Players such as Jabong, Yebhi, Zovi, Myntra and several others have already started to cash in on the shopping extravaganza that the pre-festive season brings. With supply chains shortened and some of them coming up with their own brand of clothing, they are offering some seriously low priced products of good quality.
For example, one of these sites gave away three pairs of jeans under INR 1500. This is a number hard to match for even the private label players in the brick and mortar stores.
Discounts have become synonymous with festive shopping and even large format retailers have realised their massive importance in the last decade. Players such as Shoppers Stop, Pantaloons and Westside realise the impact of the discount season on their loyal customers and therefore go all out promoting their offers online and offline.

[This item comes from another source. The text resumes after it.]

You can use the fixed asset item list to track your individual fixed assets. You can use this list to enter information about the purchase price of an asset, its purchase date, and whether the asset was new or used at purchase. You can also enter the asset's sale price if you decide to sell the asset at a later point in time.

In fact, this phase poses a big challenge to the small time retailers who do have the online or offline reach to spread awareness of their discounts. Also their traditional business models with a long supply chain also make it difficult for them to offer discounts that are as big as these large format retailers. So how does one tap into the festive season market with these limitations?

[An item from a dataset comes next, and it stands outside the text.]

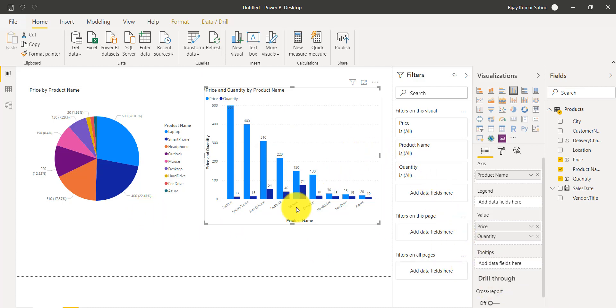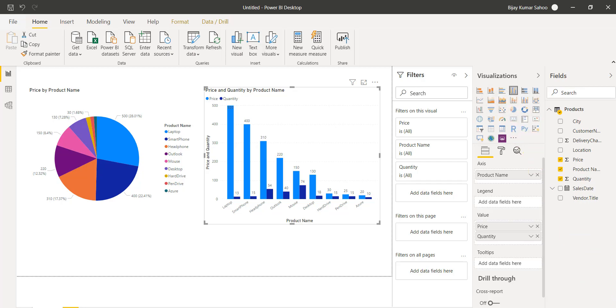In the next video, we will see how we can use the Card visual and the Multi-Row Card visual.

An important insight lies in the fact that in semi-urban and rural markets where the penetration of large format organised retail is low, shoppers are known to have a high degree of loyalty. In fact, they are known to approach their local apparel store first on the news of a new product launch or a fashion rage that they come across through the media. Marketers will need to cash in the loyalty of this category of shoppers with the help of strategic communication.
The market is too large to be covered by each brand and therefore, brands will need to evaluate the right pockets where their product can be leveraged the best. For example, if an innerwear brand is looking to boost its sales during the festive season, its best bet is to offer an attractive margin to the old fashioned retailers who are identified as trusted sellers of innerwear within a locality.

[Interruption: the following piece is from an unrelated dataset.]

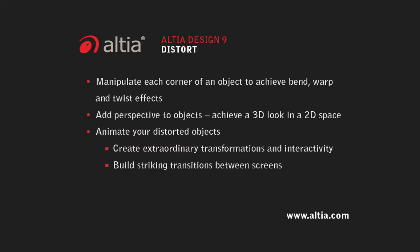With the new distort feature, you can simulate 3D animations and rotations in a 2D space because you can change the perspective of a given object.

With higher margins and the trust of the customers, these retailers can push new brands as well as boost sales of existing ones in the market by recommending it at the point of sales.
Published in CMAI
Today the lines between offline and online retail is blurring by the day. People are sometimes checking out clothes at a brick and mortar store and then buying them online and also doing vice versa. In such a scenario, small and medium sized retailers will need to make their presence felt online. It is time for them to realise the importance of a website, a blog, a Facebook page and Google listings, else the low lying fruit may be plucked by their rapidly growing large format counterparts.
Brands selling their products through traditional retail or small retailers should also drive the social media awareness among their distribution network in order to create the pull this season. For example, winterwear brand with good online presence can help boost sales through its traditional formats by mere mention of the stores on their website, Facebook fan pages and other channels. This is a mutually beneficial practice that more companies will need to focus on.
It will be interesting to watch the strategies of the brands, the retailers and the distributors this festive season as they will be coping with the double edged sword of the rising inflation and the rising import costs. It is certain that players who can brave the storm this festive season through innovative strategies, will get a major impetus in the next season and even the Christmas-New Year phase as the markets are expected to ease up during the period.